MuDreamer: Learning Predictive World Models without Reconstruction
Maxime Burchi, Radu Timofte
TL;DR
MuDreamer addresses DreamerV3's dependence on pixel reconstruction by learning a task-focused latent world model that predicts rewards, continuation, value, and actions. Inspired by MuZero, it uses an RSSM-based architecture with an action-prediction head and batch normalization to avoid representation collapse, achieving robust performance under visual distractions and competitive Atari100k results with faster training. The approach highlights the importance of KL balancing and demonstrates strong empirical gains on the DeepMind Visual Control Suite, including natural-background settings.
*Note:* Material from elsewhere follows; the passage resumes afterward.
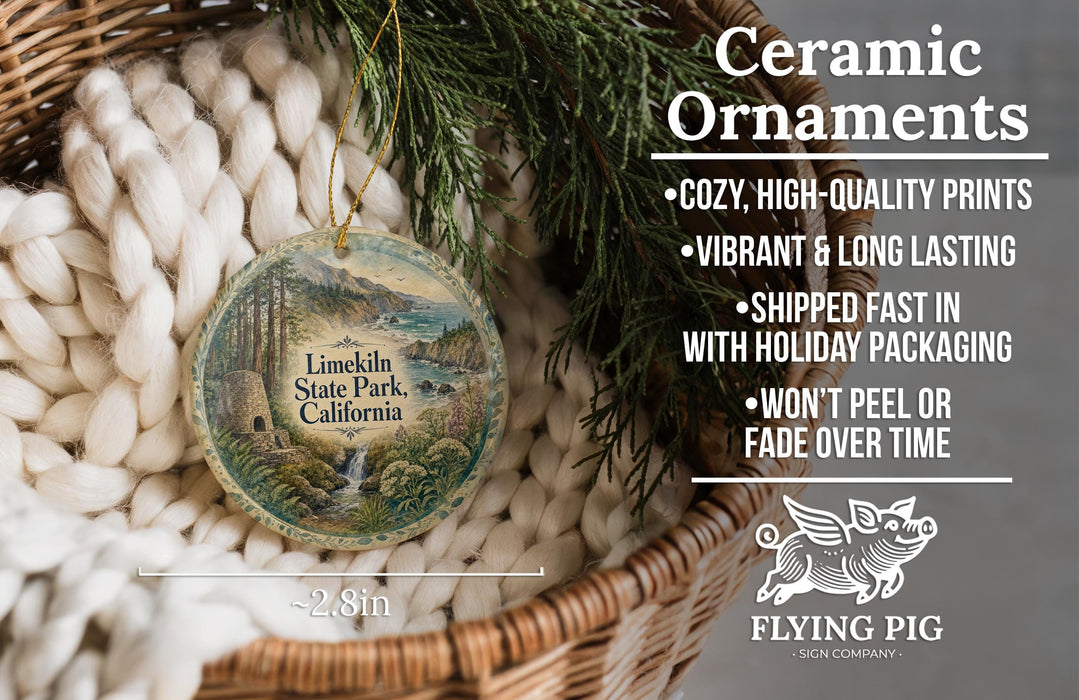 Ceramic ornaments, featuring a detailed image of a scenic landscape with a waterfall, are displayed in a woven basket.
By eliminating the reconstruction loss and decoder requirements, MuDreamer reduces architectural overhead while maintaining or improving control performance in continuous and discrete action spaces.
Abstract
The DreamerV3 agent recently demonstrated state-of-the-art performance in diverse domains, learning powerful world models in latent space using a pixel reconstruction loss. However, while the reconstruction loss is essential to Dreamer's performance, it also necessitates modeling unnecessary information. Consequently, Dreamer sometimes fails to perceive crucial elements which are necessary for task-solving when visual distractions are present in the observation, significantly limiting its potential. In this paper, we present MuDreamer, a robust reinforcement learning agent that builds upon the DreamerV3 algorithm by learning a predictive world model without the need for reconstructing input signals. Rather than relying on pixel reconstruction, hidden representations are instead learned by predicting the environment value function and previously selected actions. Similar to predictive self-supervised methods for images, we find that the use of batch normalization is crucial to prevent learning collapse. We also study the effect of KL balancing between model posterior and prior losses on convergence speed and learning stability. We evaluate MuDreamer on the commonly used DeepMind Visual Control Suite and demonstrate stronger robustness to visual distractions compared to DreamerV3 and other reconstruction-free approaches, replacing the environment background with task-irrelevant real-world videos. Our method also achieves comparable performance on the Atari100k benchmark while benefiting from faster training.